▶ **EXERCISE OBJECTIVE**: Write out the entries below in full, exactly as given.

▶ **SOURCE DATA**:
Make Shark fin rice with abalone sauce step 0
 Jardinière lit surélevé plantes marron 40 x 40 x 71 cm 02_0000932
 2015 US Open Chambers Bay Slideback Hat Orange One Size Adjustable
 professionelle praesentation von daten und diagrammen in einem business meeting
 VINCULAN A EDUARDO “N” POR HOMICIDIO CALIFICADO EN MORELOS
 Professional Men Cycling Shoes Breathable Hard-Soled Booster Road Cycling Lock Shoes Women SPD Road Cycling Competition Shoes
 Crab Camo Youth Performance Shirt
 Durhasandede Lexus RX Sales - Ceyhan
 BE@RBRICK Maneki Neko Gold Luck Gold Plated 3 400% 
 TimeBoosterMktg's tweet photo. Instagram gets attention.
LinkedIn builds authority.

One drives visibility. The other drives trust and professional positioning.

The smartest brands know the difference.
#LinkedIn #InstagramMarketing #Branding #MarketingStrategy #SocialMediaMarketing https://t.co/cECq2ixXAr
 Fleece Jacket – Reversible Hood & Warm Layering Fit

▶ **SOLUTION BELOW**:
Make Shark fin rice with abalone sauce step 0
 Jardinière lit surélevé plantes marron 40 x 40 x 71 cm 02_0000932
 2015 US Open Chambers Bay Slideback Hat Orange One Size Adjustable
 professionelle praesentation von daten und diagrammen in einem business meeting
 VINCULAN A EDUARDO “N” POR HOMICIDIO CALIFICADO EN MORELOS
 Professional Men Cycling Shoes Breathable Hard-Soled Booster Road Cycling Lock Shoes Women SPD Road Cycling Competition Shoes
 Crab Camo Youth Performance Shirt
 Durhasandede Lexus RX Sales - Ceyhan
 BE@RBRICK Maneki Neko Gold Luck Gold Plated 3 400% 
 TimeBoosterMktg's tweet photo. Instagram gets attention.
LinkedIn builds authority.

One drives visibility. The other drives trust and professional positioning.

The smartest brands know the difference.
#LinkedIn #InstagramMarketing #Branding #MarketingStrategy #SocialMediaMarketing https://t.co/cECq2ixXAr
 Fleece Jacket – Reversible Hood & Warm Layering Fit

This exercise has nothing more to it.